━━━━━ Listed entries ━━━━━

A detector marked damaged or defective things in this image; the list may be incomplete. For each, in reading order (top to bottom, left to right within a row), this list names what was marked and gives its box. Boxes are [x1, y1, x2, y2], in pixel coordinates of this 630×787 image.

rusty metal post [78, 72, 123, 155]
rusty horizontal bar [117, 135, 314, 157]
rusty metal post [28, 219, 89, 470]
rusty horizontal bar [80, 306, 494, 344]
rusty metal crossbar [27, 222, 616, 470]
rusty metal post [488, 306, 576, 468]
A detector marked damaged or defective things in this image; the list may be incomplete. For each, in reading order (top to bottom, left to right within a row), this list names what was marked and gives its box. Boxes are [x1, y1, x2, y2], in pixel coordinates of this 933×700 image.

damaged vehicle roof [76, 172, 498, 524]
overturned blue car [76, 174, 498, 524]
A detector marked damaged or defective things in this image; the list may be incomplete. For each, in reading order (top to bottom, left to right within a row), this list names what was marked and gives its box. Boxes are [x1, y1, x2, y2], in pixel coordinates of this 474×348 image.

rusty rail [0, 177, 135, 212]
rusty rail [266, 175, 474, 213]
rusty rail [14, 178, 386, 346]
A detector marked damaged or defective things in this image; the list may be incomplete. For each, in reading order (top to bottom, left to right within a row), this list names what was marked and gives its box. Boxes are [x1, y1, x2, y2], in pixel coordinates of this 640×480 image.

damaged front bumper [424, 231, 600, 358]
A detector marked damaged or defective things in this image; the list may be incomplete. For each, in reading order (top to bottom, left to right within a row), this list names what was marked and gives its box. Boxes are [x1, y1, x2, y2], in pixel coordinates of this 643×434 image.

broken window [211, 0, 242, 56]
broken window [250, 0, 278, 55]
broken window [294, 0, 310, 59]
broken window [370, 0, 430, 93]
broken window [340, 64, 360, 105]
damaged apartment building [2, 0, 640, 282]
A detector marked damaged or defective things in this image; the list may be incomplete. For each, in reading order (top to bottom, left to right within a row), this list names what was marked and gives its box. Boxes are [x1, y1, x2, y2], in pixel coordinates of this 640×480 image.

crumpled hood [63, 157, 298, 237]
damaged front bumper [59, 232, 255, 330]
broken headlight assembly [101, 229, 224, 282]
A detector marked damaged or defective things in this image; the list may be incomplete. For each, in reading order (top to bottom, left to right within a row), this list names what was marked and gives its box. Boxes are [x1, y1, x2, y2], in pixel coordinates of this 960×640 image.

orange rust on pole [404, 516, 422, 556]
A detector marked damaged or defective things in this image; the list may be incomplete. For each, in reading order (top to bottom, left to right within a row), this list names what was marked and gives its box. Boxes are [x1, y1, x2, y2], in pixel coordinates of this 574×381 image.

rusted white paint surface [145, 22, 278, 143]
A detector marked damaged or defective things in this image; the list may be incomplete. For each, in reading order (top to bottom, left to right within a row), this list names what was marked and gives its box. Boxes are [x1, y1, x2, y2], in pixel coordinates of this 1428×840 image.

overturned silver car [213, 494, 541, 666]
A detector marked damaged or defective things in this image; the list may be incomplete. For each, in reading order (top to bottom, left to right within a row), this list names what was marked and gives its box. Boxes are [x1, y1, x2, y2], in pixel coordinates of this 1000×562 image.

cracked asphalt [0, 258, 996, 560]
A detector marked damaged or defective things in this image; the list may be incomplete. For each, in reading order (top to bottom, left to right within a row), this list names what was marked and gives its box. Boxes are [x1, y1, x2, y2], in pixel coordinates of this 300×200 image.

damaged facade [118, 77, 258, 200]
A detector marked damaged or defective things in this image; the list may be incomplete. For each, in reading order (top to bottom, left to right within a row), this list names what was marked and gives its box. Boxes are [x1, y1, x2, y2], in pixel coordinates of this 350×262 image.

━━━━━

The data above is to be returned exactly, with nothing altered.

**Your solution:**
A detector marked damaged or defective things in this image; the list may be incomplete. For each, in reading order (top to bottom, left to right within a row), this list names what was marked and gives its box. Boxes are [x1, y1, x2, y2], in pixel coordinates of this 630×787 image.

rusty metal post [78, 72, 123, 155]
rusty horizontal bar [117, 135, 314, 157]
rusty metal post [28, 219, 89, 470]
rusty horizontal bar [80, 306, 494, 344]
rusty metal crossbar [27, 222, 616, 470]
rusty metal post [488, 306, 576, 468]
A detector marked damaged or defective things in this image; the list may be incomplete. For each, in reading order (top to bottom, left to right within a row), this list names what was marked and gives its box. Boxes are [x1, y1, x2, y2], in pixel coordinates of this 933×700 image.

damaged vehicle roof [76, 172, 498, 524]
overturned blue car [76, 174, 498, 524]
A detector marked damaged or defective things in this image; the list may be incomplete. For each, in reading order (top to bottom, left to right within a row), this list names what was marked and gives its box. Boxes are [x1, y1, x2, y2], in pixel coordinates of this 474×348 image.

rusty rail [0, 177, 135, 212]
rusty rail [266, 175, 474, 213]
rusty rail [14, 178, 386, 346]
A detector marked damaged or defective things in this image; the list may be incomplete. For each, in reading order (top to bottom, left to right within a row), this list names what was marked and gives its box. Boxes are [x1, y1, x2, y2], in pixel coordinates of this 640×480 image.

damaged front bumper [424, 231, 600, 358]
A detector marked damaged or defective things in this image; the list may be incomplete. For each, in reading order (top to bottom, left to right within a row), this list names what was marked and gives its box. Boxes are [x1, y1, x2, y2], in pixel coordinates of this 643×434 image.

broken window [211, 0, 242, 56]
broken window [250, 0, 278, 55]
broken window [294, 0, 310, 59]
broken window [370, 0, 430, 93]
broken window [340, 64, 360, 105]
damaged apartment building [2, 0, 640, 282]
A detector marked damaged or defective things in this image; the list may be incomplete. For each, in reading order (top to bottom, left to right within a row), this list names what was marked and gives its box. Boxes are [x1, y1, x2, y2], in pixel coordinates of this 640×480 image.

crumpled hood [63, 157, 298, 237]
damaged front bumper [59, 232, 255, 330]
broken headlight assembly [101, 229, 224, 282]
A detector marked damaged or defective things in this image; the list may be incomplete. For each, in reading order (top to bottom, left to right within a row), this list names what was marked and gives its box. Boxes are [x1, y1, x2, y2], in pixel coordinates of this 960×640 image.

orange rust on pole [404, 516, 422, 556]
A detector marked damaged or defective things in this image; the list may be incomplete. For each, in reading order (top to bottom, left to right within a row), this list names what was marked and gives its box. Boxes are [x1, y1, x2, y2], in pixel coordinates of this 574×381 image.

rusted white paint surface [145, 22, 278, 143]
A detector marked damaged or defective things in this image; the list may be incomplete. For each, in reading order (top to bottom, left to right within a row), this list names what was marked and gives its box. Boxes are [x1, y1, x2, y2], in pixel coordinates of this 1428×840 image.

overturned silver car [213, 494, 541, 666]
A detector marked damaged or defective things in this image; the list may be incomplete. For each, in reading order (top to bottom, left to right within a row), this list names what was marked and gives its box. Boxes are [x1, y1, x2, y2], in pixel coordinates of this 1000×562 image.

cracked asphalt [0, 258, 996, 560]
A detector marked damaged or defective things in this image; the list may be incomplete. For each, in reading order (top to bottom, left to right within a row), this list names what was marked and gives its box. Boxes are [x1, y1, x2, y2], in pixel coordinates of this 300×200 image.

damaged facade [118, 77, 258, 200]
A detector marked damaged or defective things in this image; the list may be incomplete. For each, in reading order (top to bottom, left to right within a row), this list names what was marked and gives its box. Boxes are [x1, y1, x2, y2], in pixel coordinates of this 350×262 image.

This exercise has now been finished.